Yesterday, in a ruling in the 6th Circuit, a federal judge, Anna Diggs Taylor, ruled the NSA’s eavesdropping program (TSP) illegal. Her opinion, link here, makes for interesting reading. This non-lawyer cannot pretend to understand the fine points of case law, precedent, standing, and the rest, but I, lke the judge, also have an opinion.
All of the case law seems to discuss the rights of US citizens to be protected from abuses at the hands of the government. Criminal activity, while illegal, does not allow the government, in its prosecution or investigations, to ignore the basic rights of the citizen. A presumption of innocence is paramount. No argument from this citizen.
To me, the key question should be whether or not an American citizen, or legal alien, who collaborates with a foreign terrorist organization, is guilty of a criminal act or an act of war. This question goes directly to the issue of how our nation chooses to fight terrorism. The Clinton administration took the view that the attacks of Al-Qaeda were criminal in nature, although I fail to understand how robbery, kidnapping, theft, et cetera equate with a para-military group bombing US facilities in foreign countries and killing US soldiers. Further, I fail to understand how the same terrorist organization can bomb and kill US citizens in this country without such actions being considered an act of war.

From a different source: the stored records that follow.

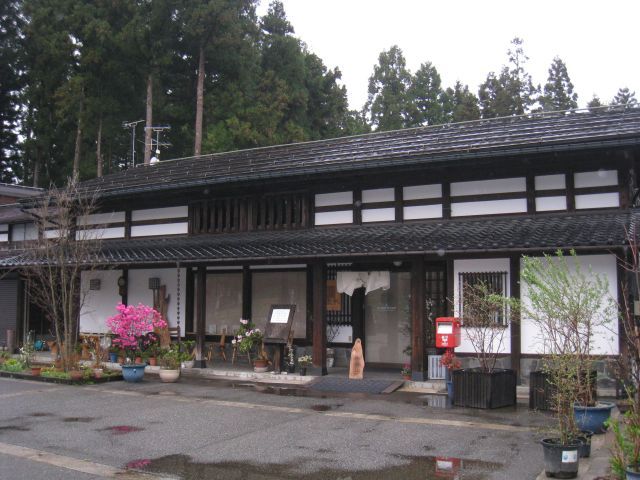 野の花館（当ロッヂから車で約2分・徒歩約20分）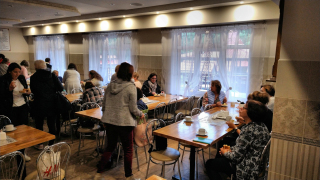 Obraz zawieraj�cy tekst, wewn�trz, osoba, sufit

Opis wygenerowany automatycznie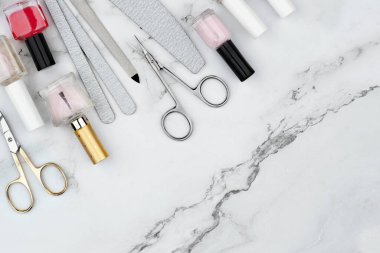 Manikür ve pedikür konsepti, kozmetik aksesuarlar ve temizlik, masaj, tedavi, nemlendirme, tırnakların ve ayakların hijyeni, eller, topuklar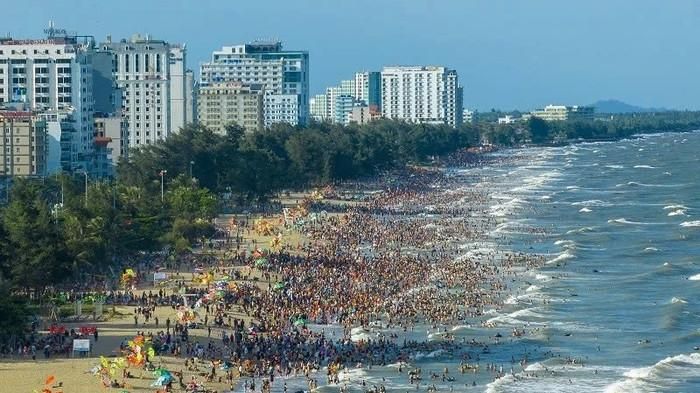 Trong những dịp lễ lớn, lượng khách đổ về Sầm Sơn cực lớn.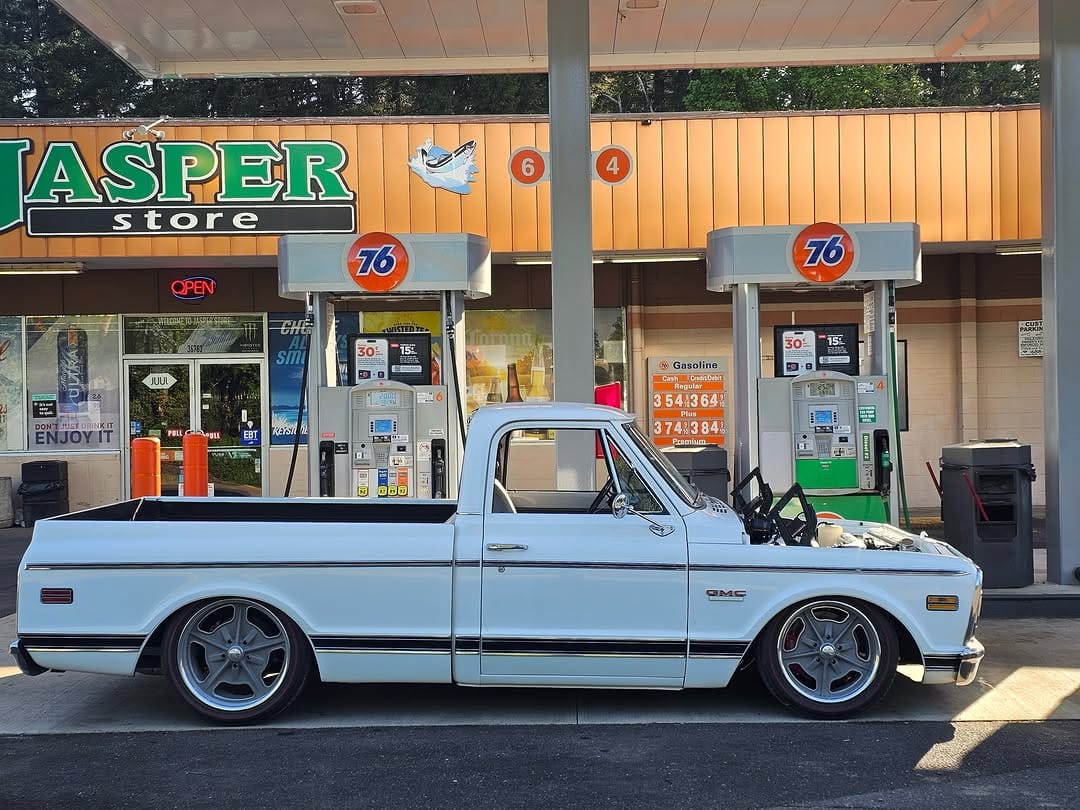 Post 1 by Artistic Customs on Instagram (carousel)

The Bush administration, after September 11, considered the nation to be at war with Al-Qaeda. As such, Mr. Bush has the authority, as commander-in-chief, to conduct a war against that enemy and its allies, using the full range of powers vested in the Commander-in-Chief, as granted by the Constitution.

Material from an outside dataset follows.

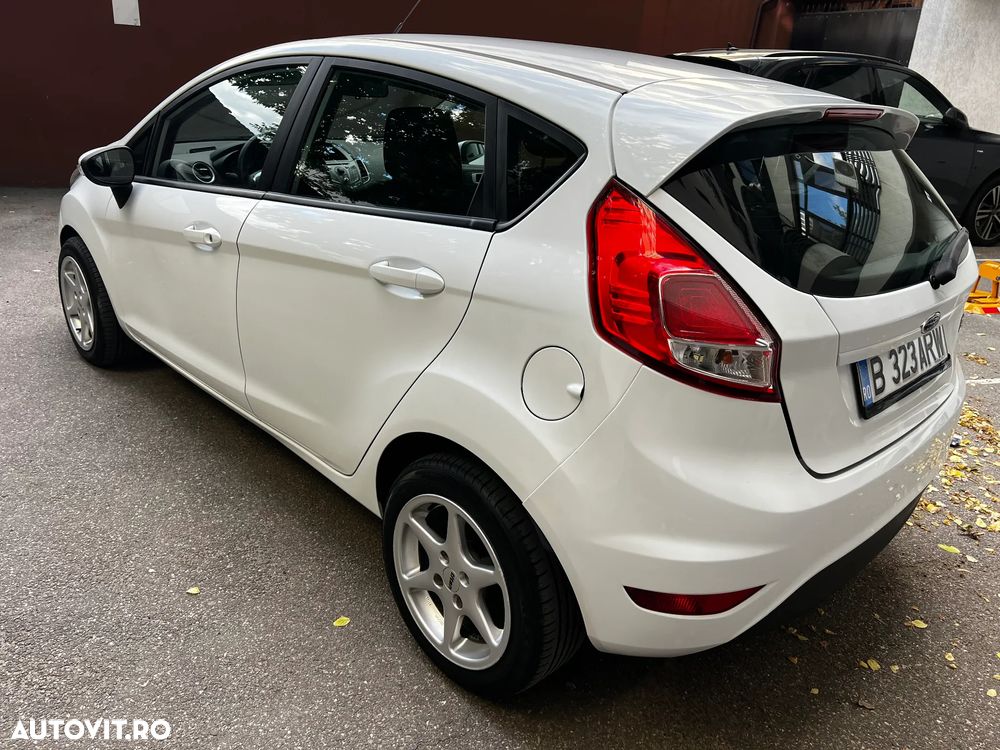 Ford Fiesta 1.5 TDCi Trend - 8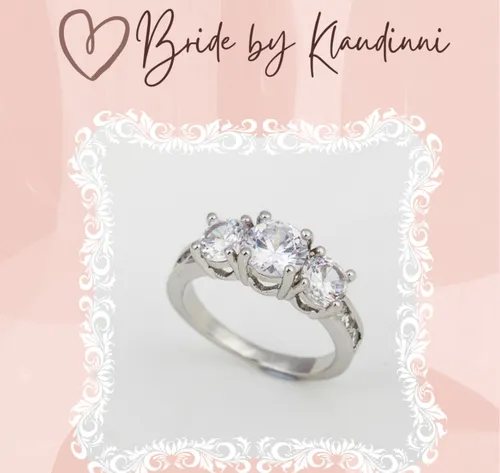 Anillo de 3 2025 piedras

Are we at war, or we are combatting crime? Should Al-Qaeda and its minions have the same rights and protections as a 4th generation Italian-American member of the Mafia, whose primary goal is to hijack trucks loaded with cargo leaving JFK airport?
Lastly, was the FISA law enacted because civil libertarians were concerned that our police were abusing their powers in criminal investigations; or was it a political reaction to presidential abuse of wiretapping aimed at political opponents? I think the latter.
I think we are at war with an implacable enemy that does not recognize the Rule of Law, the Geneva Conventions, and will, in fact, use any technique, no matter how heinous, to do further harm to our country and our people. In my opinion, to think otherwise is naive, short-sighted, and ultimately dangerous.
Therefore, it is the order of this Pundit that the motions of the plaintiffs be dismissed without prejudice, with the understanding that the actions of "this president" are "indisputably" legal, correct, and authorized under the Constitutution of these United States.